Inversion vs. Factorization
* LU factorization requires $n^3/3$ floating point multiplications and additions.
* Solving the system by explicitly computing the inverse $x = A^{-1}b$ requires $n^3$ floating point multiplications and additions.
  * The computational cost of computing inverse is 3x larger than LU factorization.
  * In practice, computing the inverse is rarely done.
  
Gauss-Jordan elimination is sometimes used to solve a linear system.
  * Transforms $Ax = b$ to $Ix = c$.
  * Solving system with Gauss-Jordan rquires $n^3/2$ floating point multiplications and additions.
  * Gauss-Jordan elimination is less often used due to increased computational cost in comparison to LU factorization.

## 02.10 Updating Solutions

If a right-hand side of a linear system $b$ changes, but the matrix $A$ does not then the LU factorization can be reused.

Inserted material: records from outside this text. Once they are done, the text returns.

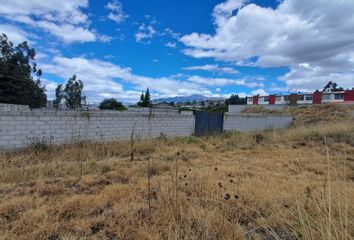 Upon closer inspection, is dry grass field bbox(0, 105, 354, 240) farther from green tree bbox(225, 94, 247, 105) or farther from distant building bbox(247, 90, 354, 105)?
green tree bbox(225, 94, 247, 105)

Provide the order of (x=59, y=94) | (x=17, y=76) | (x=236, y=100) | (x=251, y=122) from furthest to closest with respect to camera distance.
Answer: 1. (x=236, y=100)
2. (x=59, y=94)
3. (x=17, y=76)
4. (x=251, y=122)

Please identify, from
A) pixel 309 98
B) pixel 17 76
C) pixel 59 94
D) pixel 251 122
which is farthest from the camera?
pixel 309 98

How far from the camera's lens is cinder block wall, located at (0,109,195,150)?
7.43m

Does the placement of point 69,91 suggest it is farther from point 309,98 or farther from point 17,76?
point 309,98

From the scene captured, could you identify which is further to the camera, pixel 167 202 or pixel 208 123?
pixel 208 123

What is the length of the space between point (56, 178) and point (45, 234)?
8.32ft

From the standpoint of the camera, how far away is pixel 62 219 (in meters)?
3.02

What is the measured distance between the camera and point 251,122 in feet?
63.6

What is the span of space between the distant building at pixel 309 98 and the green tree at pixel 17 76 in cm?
4415

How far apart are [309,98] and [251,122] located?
166 ft

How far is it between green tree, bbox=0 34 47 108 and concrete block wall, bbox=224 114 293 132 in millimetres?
25684

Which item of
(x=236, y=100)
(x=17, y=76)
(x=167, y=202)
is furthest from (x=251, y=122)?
(x=236, y=100)

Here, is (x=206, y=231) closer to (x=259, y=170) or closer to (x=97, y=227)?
(x=97, y=227)

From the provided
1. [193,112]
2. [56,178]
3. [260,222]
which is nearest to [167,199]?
[260,222] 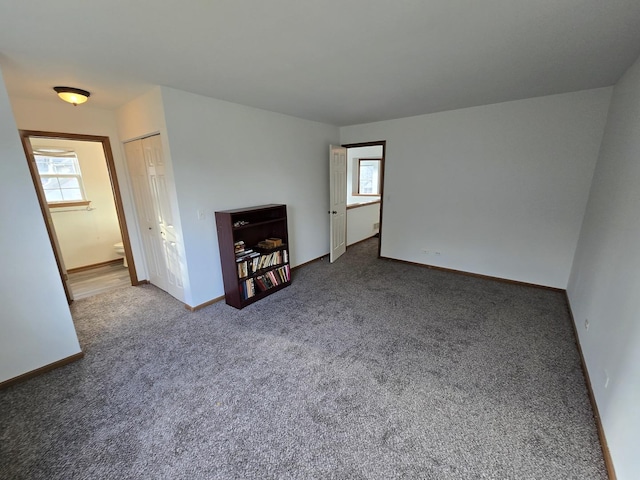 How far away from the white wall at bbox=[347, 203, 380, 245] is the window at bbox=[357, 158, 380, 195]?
1235 millimetres

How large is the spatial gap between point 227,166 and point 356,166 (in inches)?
194

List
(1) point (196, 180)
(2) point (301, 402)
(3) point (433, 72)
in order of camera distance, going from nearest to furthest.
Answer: (2) point (301, 402), (3) point (433, 72), (1) point (196, 180)

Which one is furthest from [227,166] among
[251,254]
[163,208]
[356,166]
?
[356,166]

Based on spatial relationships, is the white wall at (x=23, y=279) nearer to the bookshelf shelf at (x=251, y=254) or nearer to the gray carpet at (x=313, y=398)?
the gray carpet at (x=313, y=398)

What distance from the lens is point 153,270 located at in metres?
3.73

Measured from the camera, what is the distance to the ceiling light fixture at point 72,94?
8.00 feet

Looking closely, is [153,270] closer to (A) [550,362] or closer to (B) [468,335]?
(B) [468,335]

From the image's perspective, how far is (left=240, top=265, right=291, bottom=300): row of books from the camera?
3.17m

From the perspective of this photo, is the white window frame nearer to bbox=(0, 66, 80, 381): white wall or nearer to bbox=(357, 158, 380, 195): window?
bbox=(357, 158, 380, 195): window

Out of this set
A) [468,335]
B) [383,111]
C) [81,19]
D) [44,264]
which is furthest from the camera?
[383,111]

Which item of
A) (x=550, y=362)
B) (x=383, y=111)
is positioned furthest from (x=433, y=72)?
(x=550, y=362)

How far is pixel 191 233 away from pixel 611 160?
4290mm

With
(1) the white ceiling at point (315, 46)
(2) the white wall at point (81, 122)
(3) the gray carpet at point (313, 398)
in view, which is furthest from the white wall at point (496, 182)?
(2) the white wall at point (81, 122)

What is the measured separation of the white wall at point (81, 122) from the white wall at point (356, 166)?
5.08 m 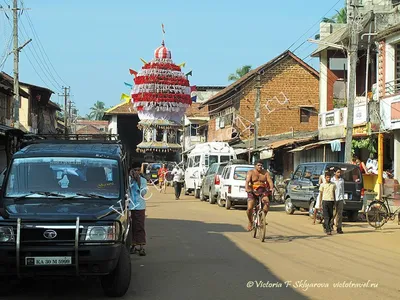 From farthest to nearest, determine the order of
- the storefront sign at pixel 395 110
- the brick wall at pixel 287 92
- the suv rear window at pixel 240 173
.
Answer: the brick wall at pixel 287 92 < the suv rear window at pixel 240 173 < the storefront sign at pixel 395 110

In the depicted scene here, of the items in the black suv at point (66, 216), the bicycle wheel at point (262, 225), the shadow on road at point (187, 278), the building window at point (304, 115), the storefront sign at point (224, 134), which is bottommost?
the shadow on road at point (187, 278)

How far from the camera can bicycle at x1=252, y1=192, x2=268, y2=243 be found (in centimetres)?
1343

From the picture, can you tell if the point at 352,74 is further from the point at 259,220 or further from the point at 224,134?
the point at 224,134

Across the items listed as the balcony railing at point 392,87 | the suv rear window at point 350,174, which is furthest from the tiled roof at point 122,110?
the suv rear window at point 350,174

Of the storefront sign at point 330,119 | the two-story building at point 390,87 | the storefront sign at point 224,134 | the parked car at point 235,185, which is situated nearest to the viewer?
the two-story building at point 390,87

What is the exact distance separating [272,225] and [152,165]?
108 ft

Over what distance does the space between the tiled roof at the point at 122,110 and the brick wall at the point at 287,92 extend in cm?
3465

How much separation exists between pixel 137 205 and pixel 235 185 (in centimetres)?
1219

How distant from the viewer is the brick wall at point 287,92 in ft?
155

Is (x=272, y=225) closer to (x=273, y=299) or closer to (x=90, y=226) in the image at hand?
(x=273, y=299)

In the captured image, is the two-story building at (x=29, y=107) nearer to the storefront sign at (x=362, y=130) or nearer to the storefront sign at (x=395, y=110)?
the storefront sign at (x=362, y=130)

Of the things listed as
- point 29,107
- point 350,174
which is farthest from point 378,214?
point 29,107

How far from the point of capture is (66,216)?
7098 millimetres

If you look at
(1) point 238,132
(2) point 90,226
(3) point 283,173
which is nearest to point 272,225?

**Sherman-Morrison** formula describes a situation when refactorization can be avoided when matrix changes.
* Assume $(A - uv^T)$ represents the modification to $A$.
* Solution becomes $x = (A - uv^T)^{-1}b$.

Solve using Sherman-Morrison as follows:
1. Solve $Az = u$ for $z$.
2. Solve $Ay = b$ for $y$.
3. Compute $x = y + z \frac{v^T y}{1 - v^T z}$

## 02.11 Improving Accuracy

#### Scaling Linear Systems
It is usually best from perspective of stability if all entries of the matrix have the same magnitude.
* No foolproof method, use trial-and-error.

#### Iterative Refinement
Given a linear system $Ax = b$, solve for $x$ using approximation and residual.
1. Solve $Ax_0 = b$ for the approximation $x_0$ and compute residual $r_0 = b - Ax_0$.
2. Solve $Az_0 = r_0$ for $z_0$ and obtain new solution $x_1 = x_0 + z_0$.
3. Repeat until convergence.

Rarely used, but can sometimes stabilize an unstable algorithm.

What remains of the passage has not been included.